La technique du bulldozer

Ça ne s’est pas super bien passé, cette commission parlementaire sur la vaccination obligatoire. Il y a d’abord eu la question des documents et des données. Pourrait-on les voir ? L’avis favorable donné par la Santé publique ne serait-il pas une lecture indispensable ? D’autant qu’il contredit un avis écrit et public de janvier du Comité d’éthique de santé publique.

Le ministre Christian Dubé ne pensait pas avoir l’autorité de rendre public un document aussi crucial. Il a passé la rondelle au Dr Horacio Arruda. Ce dernier l’a mise dans sa poche, affirmant que l’avis était « préliminaire », donc impropre à la consommation. Qu’il allait d’ailleurs le bonifier à la lumière des arguments qu’il allait entendre pendant la commission. Il ne s’agirait donc que d’un brouillon ?

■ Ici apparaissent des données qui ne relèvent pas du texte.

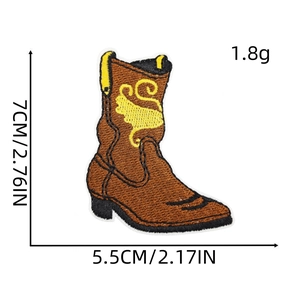 Detailed size view of cowboy boot embroidered patch with brown texture and yellow scrolls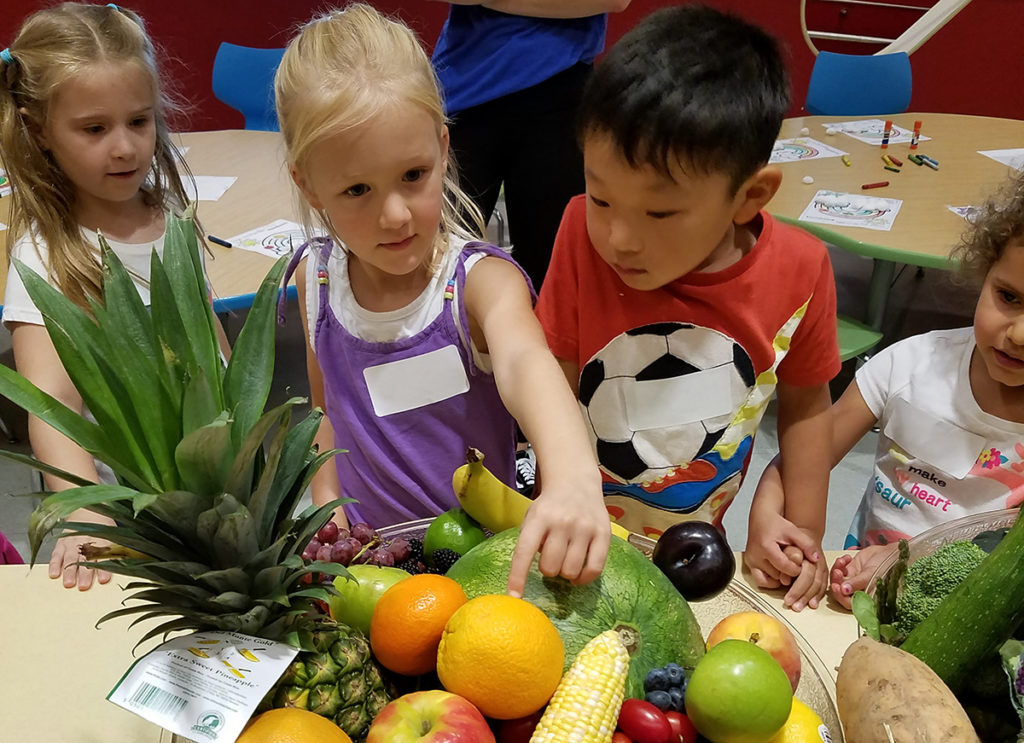 Children selecting fruit.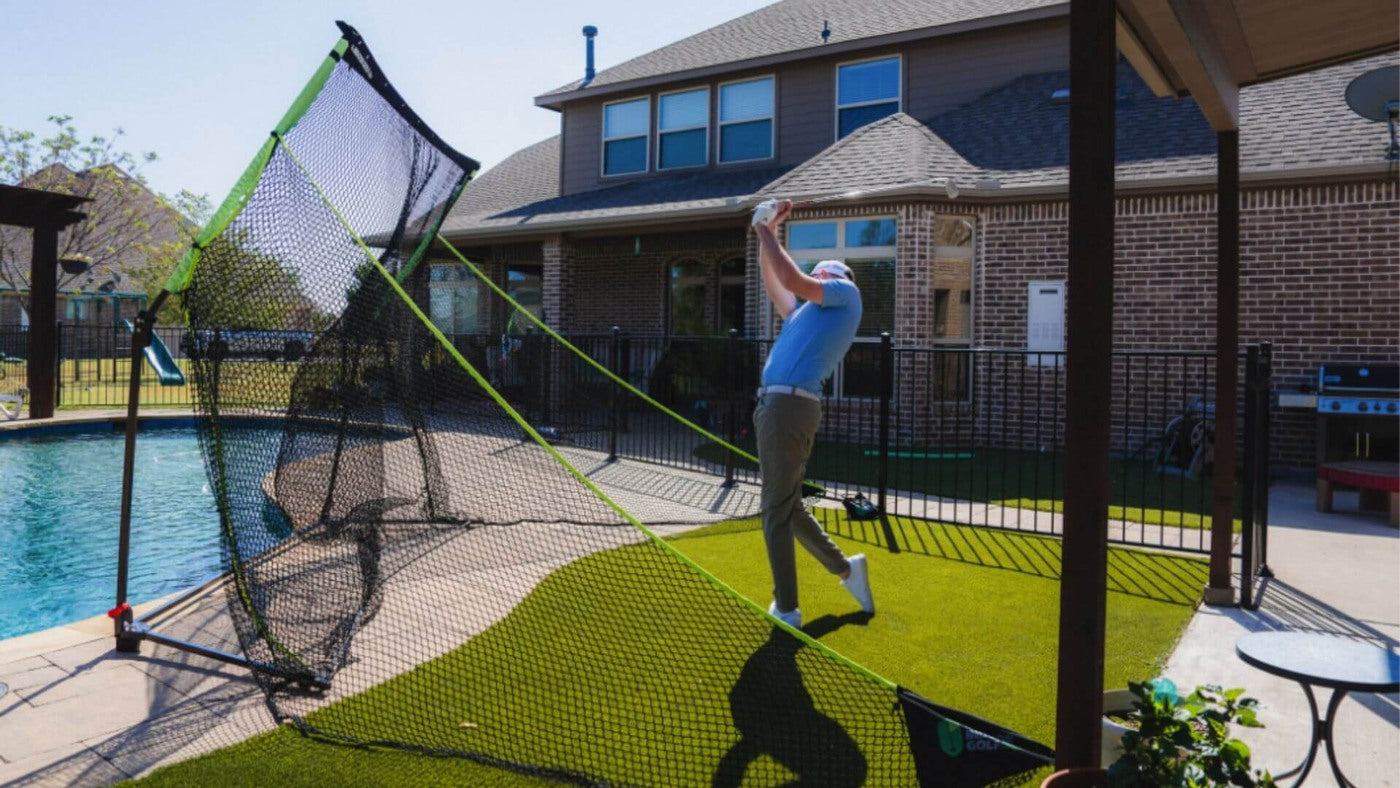 SIGPRO Golf Net set up on a patio with a golfer hitting into the net.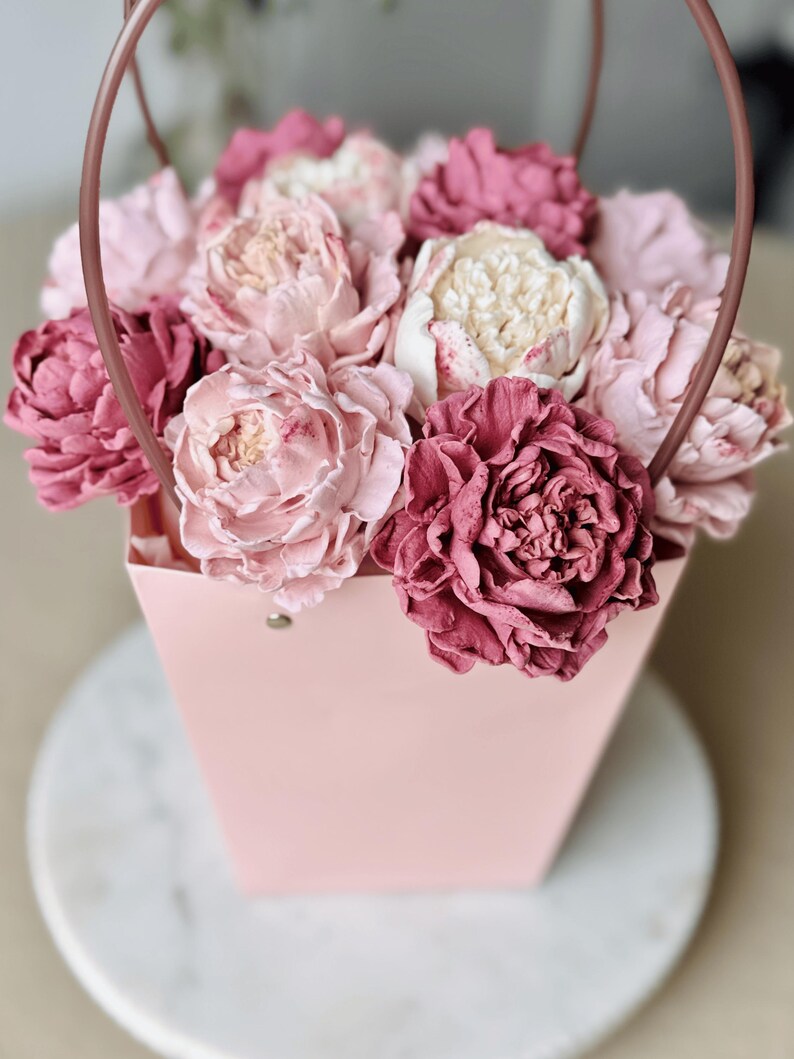 Op de afbeelding: Een roze papieren cadeauzakje gevuld met een assortiment roze en cr&egrave;mekleurige pioenrozen. De bloemen hebben verschillende roze tinten, van licht tot dieproze. De tas heeft een bijpassende handgreep.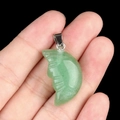 Handcrafted light green stone moon face pendant with silver clasp shown in hand - Green Aventurine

Heureusement, le ministre a bien cerné le problème. L’obligation faite aux salariés de la santé de passer trois tests par semaine en cas de refus du vaccin avait propulsé le taux de double vaccination à 86 % dans le secteur public, mais, a dit M. Dubé, l’effet s’est estompé. Il faut passer à la contrainte. D’ailleurs, a-t-il ajouté, « on a retardé cette décision-là le plus possible ».

Un argument solide, jusqu’à ce que la présidente de la FIQ, Nancy Bédard, vienne affirmer l’exact contraire. « Moi, ce que je sais, c’est que ça monte tous les jours », a-t-elle dit. Pour le personnel de la santé, « les données publiées ne respectent pas la réalité d’aujourd’hui puisque les délais de traitement sont de trois à cinq semaines ». Ouch !

Convaincre les récalcitrants de se faire piquer

 

Mme Bédard — comme votre chroniqueur, soyez-en certain — est favorable à la vaccination la plus large possible, en santé et ailleurs. Mais avant de menacer des salariés de perdre leur salaire, elle aimerait pouvoir convaincre les récalcitrants de se faire piquer. Où sont-ils ? « Je n’ai pas les données pour savoir où sont les efforts qui nous restent à faire. »

Heureusement, le ministre avait un autre argument à présenter. Oui, certains résistants à la vaccination quitteront leur emploi, ce qui provoquera des ruptures de service. Mais ces départs seront largement compensés par le retour du personnel enfin heureux de venir travailler dans un milieu pleinement vacciné, sécuritaire.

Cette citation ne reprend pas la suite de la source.